Saccharomyces cerevisiae Pathway: tryptophan degradation

If an enzyme name is shown in bold, there is experimental evidence for this enzymatic activity.

Synonyms: trp degradation, Ehrlich pathway, fusel alcohol biosynthesis, indole-3-ethanol biosynthesis

Summary:
While Saccharomyces cerevisiae can use most amino acids as their sole nitrogen source, they can only use a few amino acids as a carbon source to support growth [Large86, Cooper82]. This is in contrast to most eukaryotes and some fungi, which can metabolize amino acids completely, utilizing them as sole sources of carbon and nitrogen [Stryer88, Large86]. S. cerevisiae degrade the aromatic amino acids (tryptophan, phenylalanine, and tyrosine) and the branched-chain amino acids (valine, leucine, and iso-leucine) via the Ehrlich pathway [Sentheshanmugan60, Dickinson00]. This pathway is comprised of the following steps: 1) deamination of the amino acid to the corresponding alpha-keto acid; 2) decarboxylation of the resulting alpha-keto acid to the respective aldehyde; and, 3) reduction of the aldehyde to form the corresponding long chain or complex alcohol, known as a fusel alcohol or fusel oil [Dickinson00, Large86]. Fusel alcohols are important flavor and aroma compounds in yeast-fermented food products and beverages (as reported in [terSchure98].

The primary aminotransferase in tryptophan degradation is postulated to be Aro9p [Kradolfer82]. In vitro studies demonstrated that Aro9p is active with phenylpyruvate, pyruvate, or p-hydroxyphenylpyruvate, but not 2-oxoglutarate as the amino acceptor [Kradolfer82]. Aro9p is induced by aromatic amino acids and is subject to nitrogen regulation [Kradolfer82, Iraqui99]. The decarboxylase encoding gene ARO10 appears to be transcriptionally regulated in a similar fashion [Iraqui99]. Gap1p, a general amino acid permease, and Wap1p, an inducible amino acid permease with wide substrate specificity, appear to be the main uptake systems for utilizing aromatic amino acids [Iraqui99].

Citations: [Dickinson03, Urrestarazu98, Iraqui98]

Locations of Mapped Genes:

Credits:
Revised 08-May-2008 by Krieger C, Saccharomyces Genome Database

References

Cooper82: Cooper, TG (1982). "Nitrogen Metabolism in Saccharomyces cerevisiae." In: Strathern JN, Jones EW, Broach JR (eds) The Molecular Biology of the Yeast Saccharomyces, Metabolism and Gene Expression.

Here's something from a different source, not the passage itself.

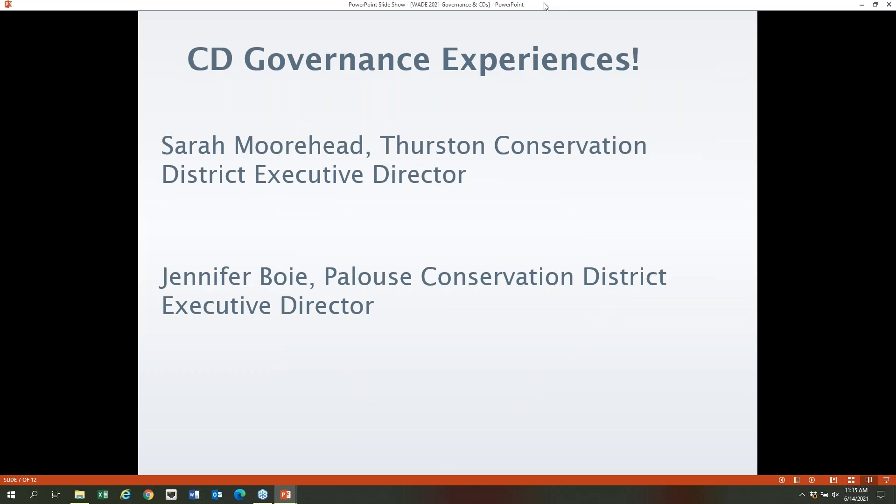I can talk about governance all day long — I've talked about it with districts, with national organizations, at the commission. But I want you to hear some feedback and experiences from your fellow district managers, from folks just like you. With that, I want to turn the mic over to Sarah Moorhead first to share some of her experiences with governance.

Cold Spring Harbor Laboratory Press, Cold Spring Harbor, New York, pp 39-99.

Dickinson00: Dickinson JR (2000). "Pathways of leucine and valine catabolism in yeast." Methods Enzymol 324;80-92. PMID: 10989420

Dickinson03: Dickinson JR, Salgado LE, Hewlins MJ (2003). "The catabolism of amino acids to long chain and complex alcohols in Saccharomyces cerevisiae." J Biol Chem 278(10);8028-34. PMID: 12499363

Iraqui98: Iraqui I, Vissers S, Cartiaux M, Urrestarazu A (1998). "Characterisation of Saccharomyces cerevisiae ARO8 and ARO9 genes encoding aromatic aminotransferases I and II reveals a new aminotransferase subfamily." Mol Gen Genet 257(2);238-48. PMID: 9491083

Iraqui99: Iraqui I, Vissers S, Andre B, Urrestarazu A (1999). "Transcriptional induction by aromatic amino acids in Saccharomyces cerevisiae." Mol Cell Biol 19(5);3360-71. PMID: 10207060

Kradolfer82: Kradolfer P, Niederberger P, Hutter R (1982). "Tryptophan degradation in Saccharomyces cerevisiae: characterization of two aromatic aminotransferases." Arch Microbiol 133(3);242-8. PMID: 6763508

Large86: Large PJ (1986). "Degradation of Organic Nitrogen Compounds by Yeasts." Yeast (2) 1-34.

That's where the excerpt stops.